------ Material for the task
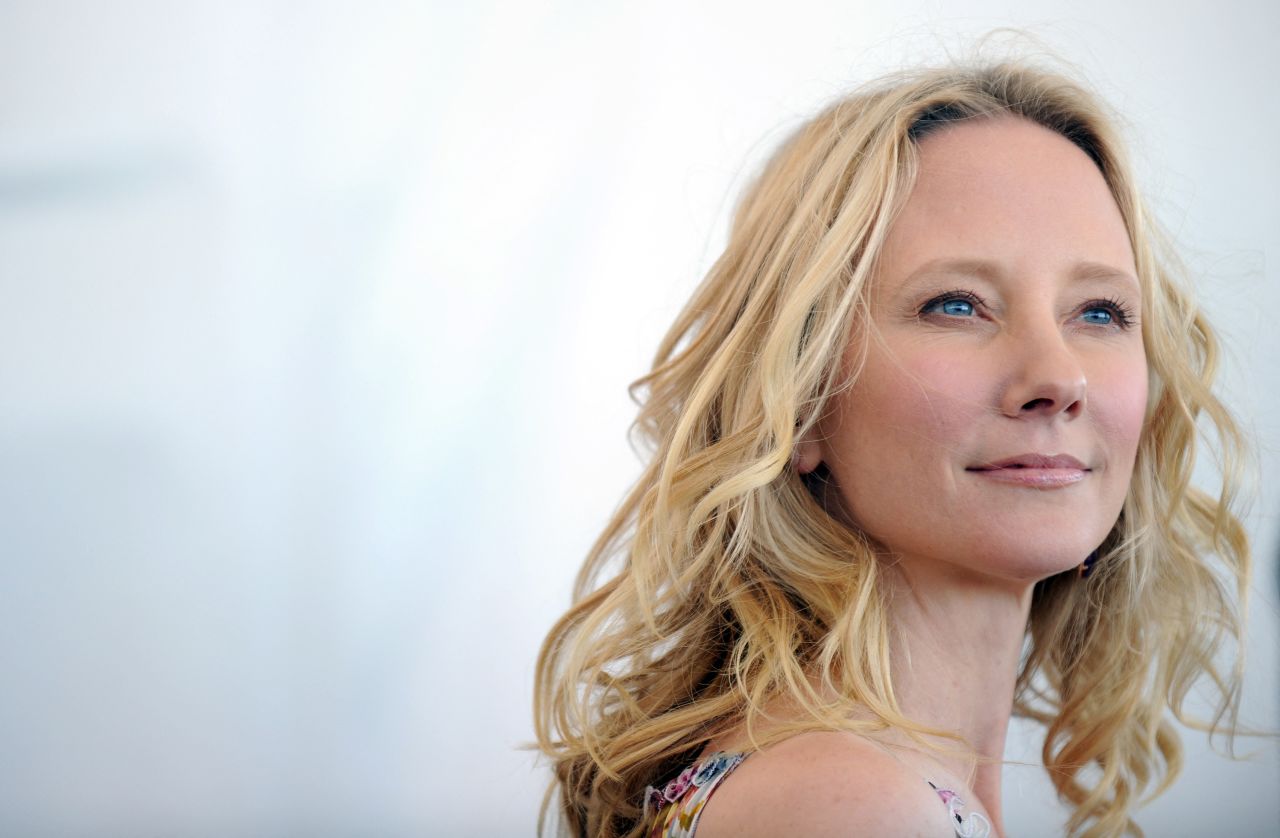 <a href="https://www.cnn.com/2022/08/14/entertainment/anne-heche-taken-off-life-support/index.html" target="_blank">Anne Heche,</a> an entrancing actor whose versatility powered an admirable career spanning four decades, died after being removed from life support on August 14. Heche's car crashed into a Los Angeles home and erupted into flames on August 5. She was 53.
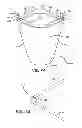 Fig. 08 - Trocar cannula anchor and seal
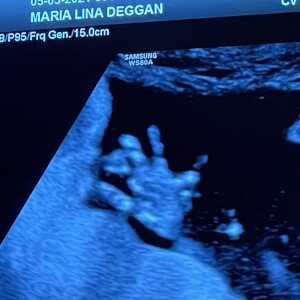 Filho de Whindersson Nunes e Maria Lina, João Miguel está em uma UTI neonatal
------------
------ Material for the task
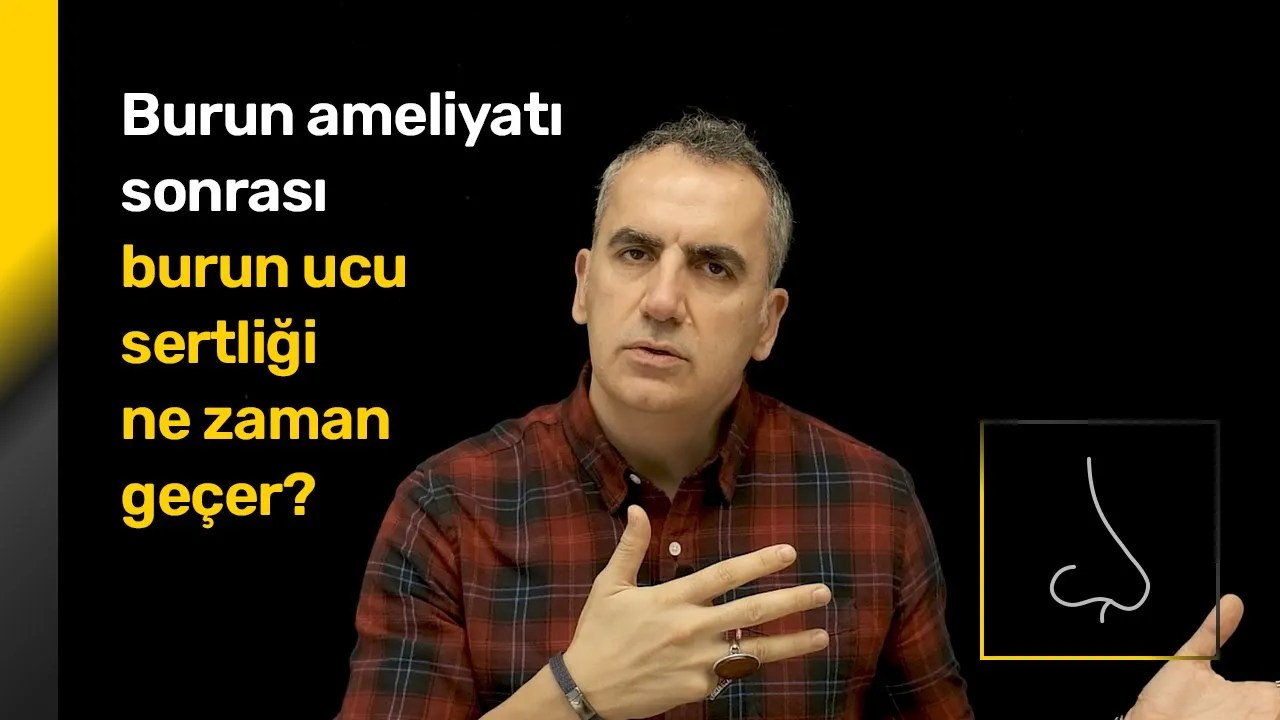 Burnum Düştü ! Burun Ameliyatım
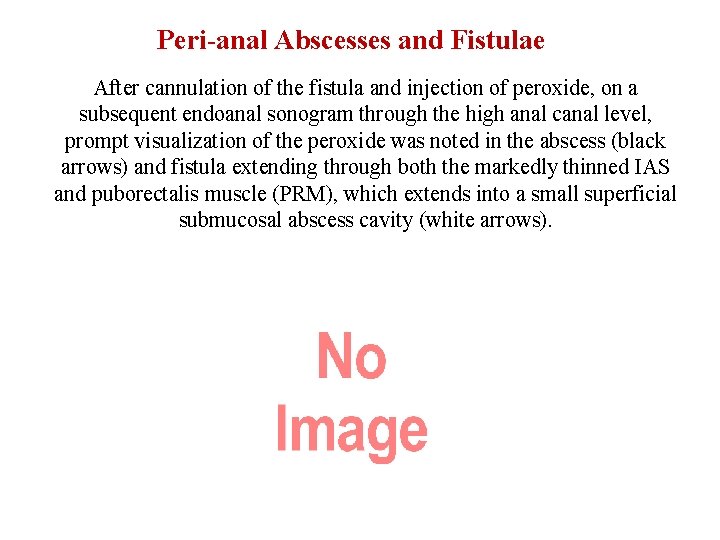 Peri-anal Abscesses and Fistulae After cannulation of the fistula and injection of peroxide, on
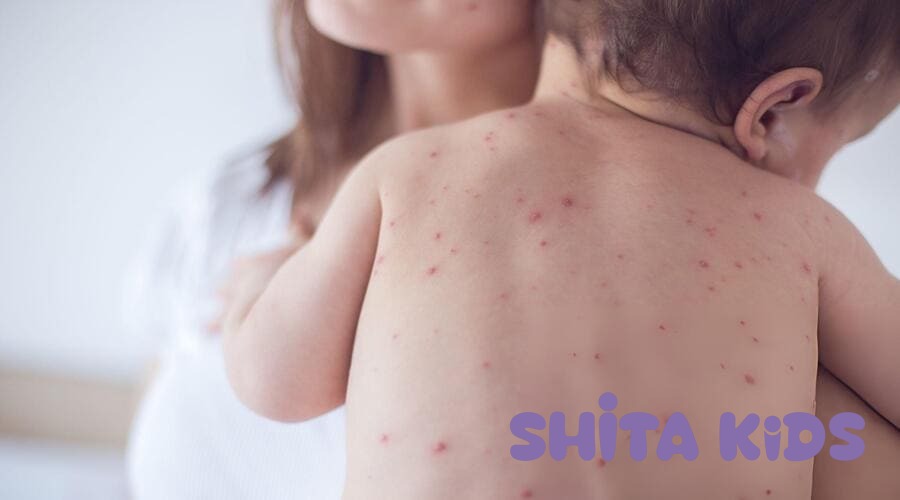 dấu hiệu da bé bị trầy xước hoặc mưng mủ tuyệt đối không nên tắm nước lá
------------
------ Material for the task
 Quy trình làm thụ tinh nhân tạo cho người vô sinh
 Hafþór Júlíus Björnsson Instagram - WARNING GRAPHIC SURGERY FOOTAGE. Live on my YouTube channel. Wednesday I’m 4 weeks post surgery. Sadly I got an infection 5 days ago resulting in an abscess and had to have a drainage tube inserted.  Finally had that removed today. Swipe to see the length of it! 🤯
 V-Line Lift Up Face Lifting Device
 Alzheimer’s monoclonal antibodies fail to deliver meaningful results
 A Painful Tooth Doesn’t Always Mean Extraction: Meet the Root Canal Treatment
------------
> Assignment: While skipping the pictures, transcribe the data above from the line showing "She was 53." through the line showing "Filho de Whindersson", exactly and with both ends.

> Task response:
 <a href="https://www.cnn.com/2022/08/14/entertainment/anne-heche-taken-off-life-support/index.html" target="_blank">Anne Heche,</a> an entrancing actor whose versatility powered an admirable career spanning four decades, died after being removed from life support on August 14. Heche's car crashed into a Los Angeles home and erupted into flames on August 5. She was 53.
 Fig. 08 - Trocar cannula anchor and seal
 Filho de Whindersson Nunes e Maria Lina, João Miguel está em uma UTI neonatal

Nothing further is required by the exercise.